» **How to complete this task**
In the data below, find the line with "Microwave, dishwasher, coffee/tea" and the line with "Kanye West, white", then restate both and every line between them exactly, minus the pictures.

══ Data listing ══

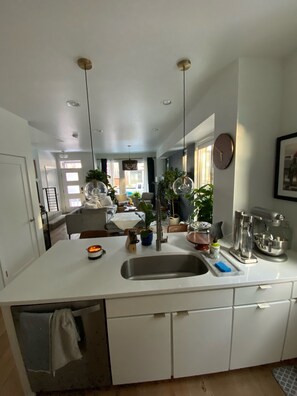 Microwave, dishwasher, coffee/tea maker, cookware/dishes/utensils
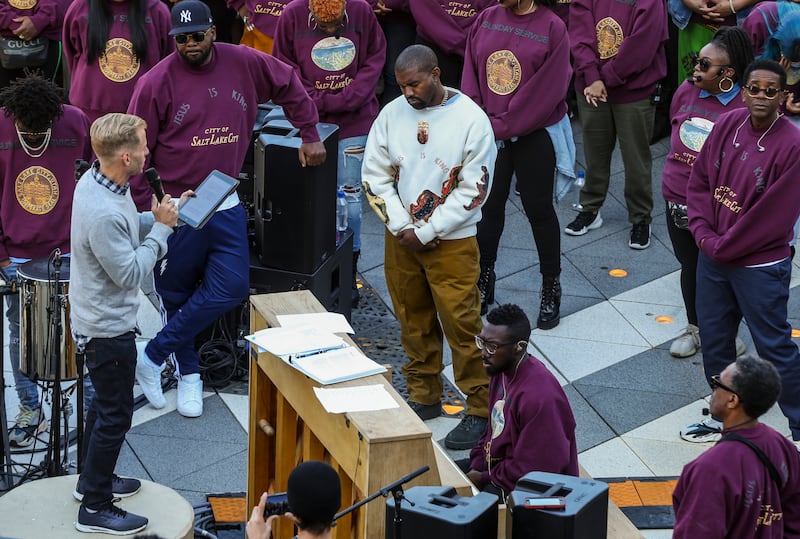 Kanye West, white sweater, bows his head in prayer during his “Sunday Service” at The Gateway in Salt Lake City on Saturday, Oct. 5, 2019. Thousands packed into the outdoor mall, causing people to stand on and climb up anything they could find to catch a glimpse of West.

═══
══ Data listing ══

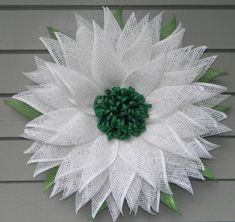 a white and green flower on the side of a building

═══

» **Exercise result**
 Microwave, dishwasher, coffee/tea maker, cookware/dishes/utensils
 Kanye West, white sweater, bows his head in prayer during his “Sunday Service” at The Gateway in Salt Lake City on Saturday, Oct. 5, 2019. Thousands packed into the outdoor mall, causing people to stand on and climb up anything they could find to catch a glimpse of West.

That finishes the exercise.